Fashion firm Marc O'Polo, which was founded in Sweden in 1967, aims to recapture market share in Denmark and be among the largest fashion brands in Scandinavia, writes national daily newspaper Berlingske Tidende. In the 1980s, the Marc O'Polo brand had a healthy slice of the Scandinavian market, a position the company aims to win back.
Head of finance and co-owner of Marc O'Polo Alexander Gedat says: "Our objective is to gain at least five per cent of the market for relaxed quality clothes in the whole of Western Europe, and that also applies to the Danish market.
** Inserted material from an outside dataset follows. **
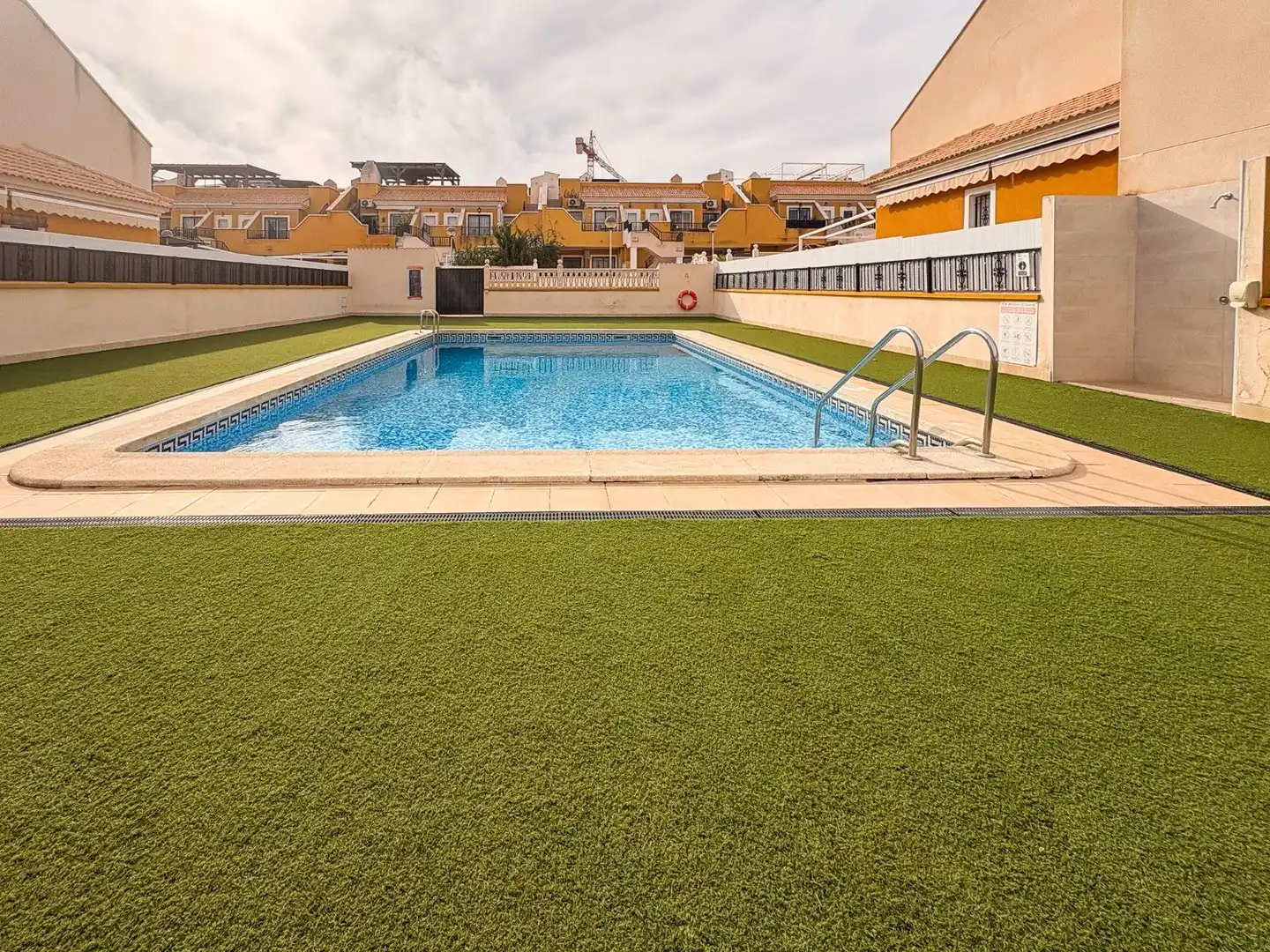 Piscina de Planta baja en venta en Elche / Elx con Calefacción, Jardín privado y Terraza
Our target in Denmark is to double sales and that will happen by means of new concept stores."
Last week the firm reopened a new flagship store in the centre of Copenhagen, and the plan is to open at least one flagship store annually in the largest Danish cities until Danish consumers spend an average EUR 1 annually on the brand. The store in Copenhagen is owned by Marc O'Polo, while the other stores will be run on a franchise basis.
"It is a lot easier for a franchise agent to find the right locations and the right people than it is for us to manage it all from Germany, comments Gedat. Ten years ago, Marc O'Polo's German agent Werner Böck acquired a major stake in the firm, and today owns 90%. The German market accounts for 60% of sales, which totalled almost DKK 2.2 bn (USD 460m) in the 2007/2008 financial year.
In addition to its flagship store in Copenhagen, Marc O'Polo is represented in 60 stores in Denmark including department stores Magasin du Nord and Illum.